The village of Rama sits high on a hill in the northern Galilee and, Samih al-Qasim tells me as we look out over the valley below, is about 3,000 years old. We are standing on his patio looking out over the town and beyond to miles of olive groves stretching into the distance. If Taha Muhammad Ali was the humble shopkeeper, Samih al-Qasim is the cultured aristocrat. His family has lived here for many generations, producing numerous men of letters and the arts. Al-Qasim himself is considered one of the most important Palestinian poets and a leading figure in Arabic literature worldwide. He is worldly, refined, mannered but not at all cold.

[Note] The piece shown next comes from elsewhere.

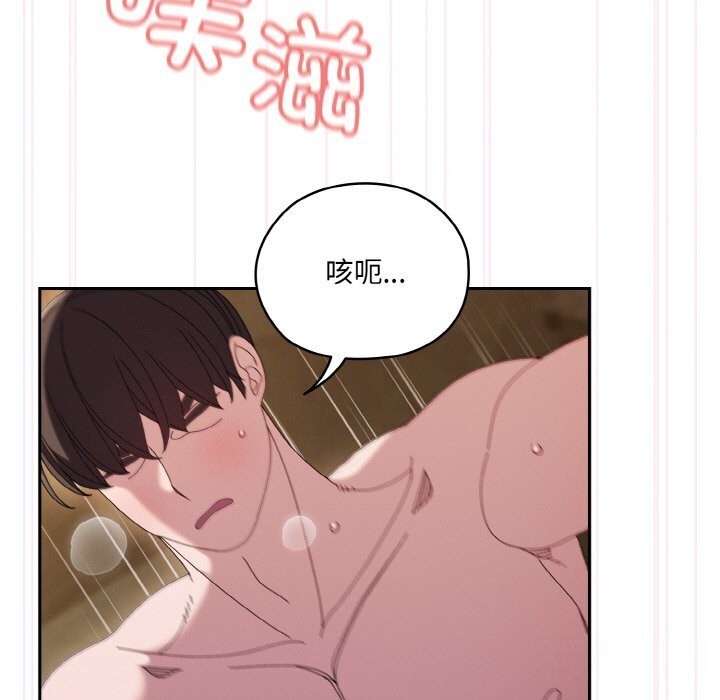 [韩国漫画] 请把女儿交给我 剧情,女学生#[156P]-121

He directs our time with him and the hospitality flows. We must all sit, talk and have coffee and sweets first – it wouldn’t be right for our crew to
begin working straight away. We must be ‘welcomed’ into his house properly. When it is time to get to work, al-Qasim lets us know. After the interview we are all treated to a luncheon feast of meats, chicken, stuffed peppers, rice, various salads, olives and much more. Al-Qasim pours scotch and arak. Water and soda are available for the weak at heart. Fruits, cakes and coffee follow.

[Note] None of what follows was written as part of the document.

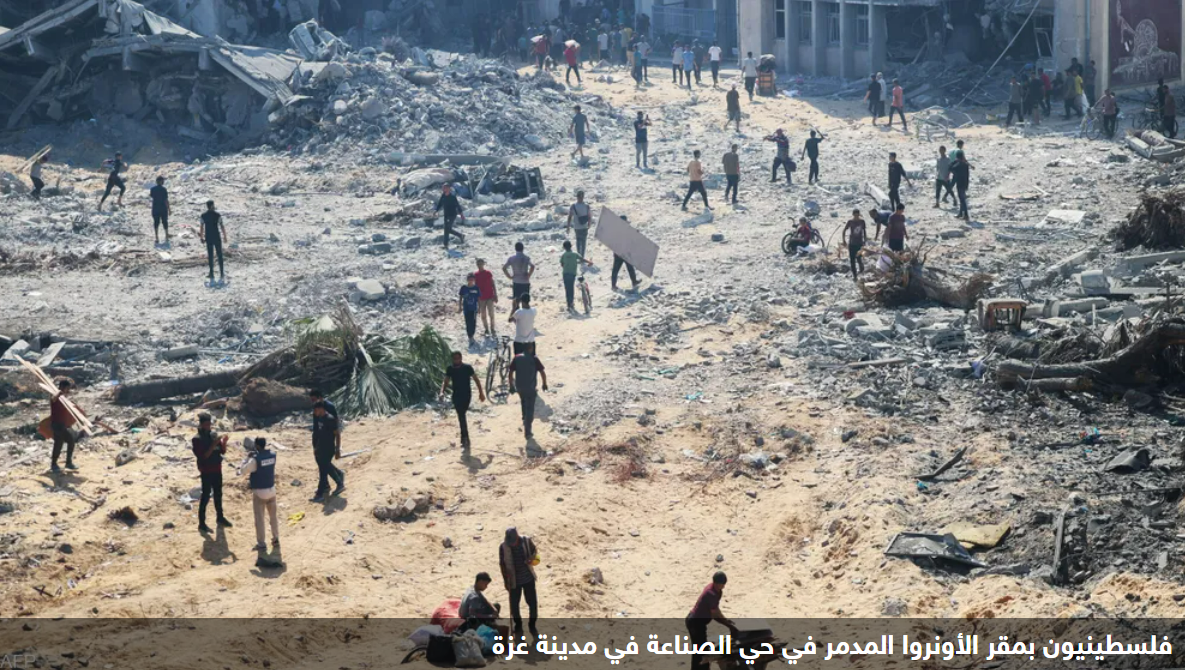 انتشال جثامين 56 قتيلا من مدينة غزة بعد مرور 280 يوما من الحرب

Al-Qasim’s family decided to stay in its village after 1948. As a young boy amid so much change he remembers singing nursery rhymes in school: first British, then Arabic, then Hebrew. He thought of leaving for Lebanon in the late 50s, but “my father said to me something I have never forgotten: ‘I thought I raised brave sons. Brave men do not run from trouble.” In the 60s he and other poets, including Mahmoud Darwish, traveled from village to village reading their poetry to crowds of people – performance poetry that gained fame as a kind of resistance movement. I have been told that from that time on he’s been enormously popular and respected, by several generations. But it is complicated and more interesting than even that. As a Druze, al-Samih has to some extent found a place in Israeli society, even while being claimed by the Palestinians as one of their leading poets. He has known many important Israeli leaders, including the current Prime Minister Ehud Olmert. “I wouldn’t say we are friends. But I’ve known him a long time,” al-Samih says.

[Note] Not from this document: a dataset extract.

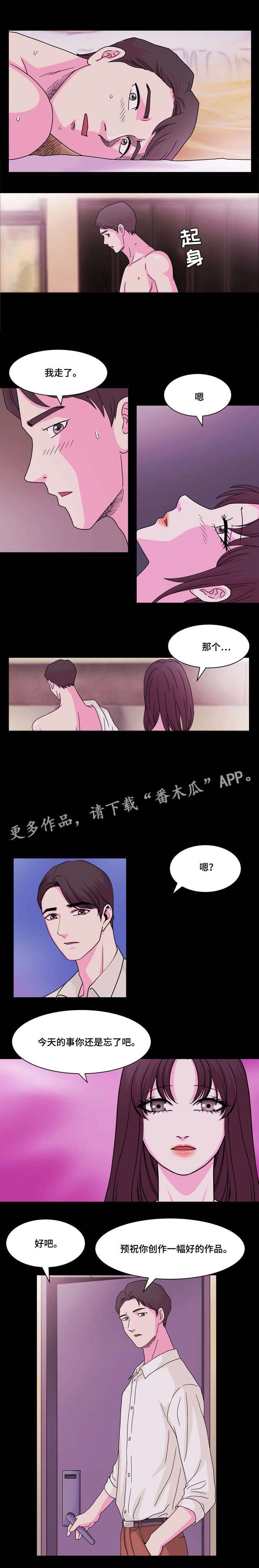 第13章：和石膏不同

He seems to have found a new friend in King Abdullah of Jordan, whom he’ll visit with next week. Al-Qasim tells us that Abdullah sought his advice on what writers and intellectuals could do to address current problems in the Arabic world, including rising extremism. The King was attracted to al-Qasim’s suggestion of putting together a gathering of prominent thinkers in Amman. I tell al-Qasim that this seems like a good idea, because the world rarely hears these people. Al-Qasim says it is a very good idea, but also a dangerous idea. He is very worried about the spread of extremism. “In earlier times,” he says, “a book would be responded to by another book – one writer disagrees with another and writes a book in response. Today, a book is answered by a gun. It’s not a fair fight.”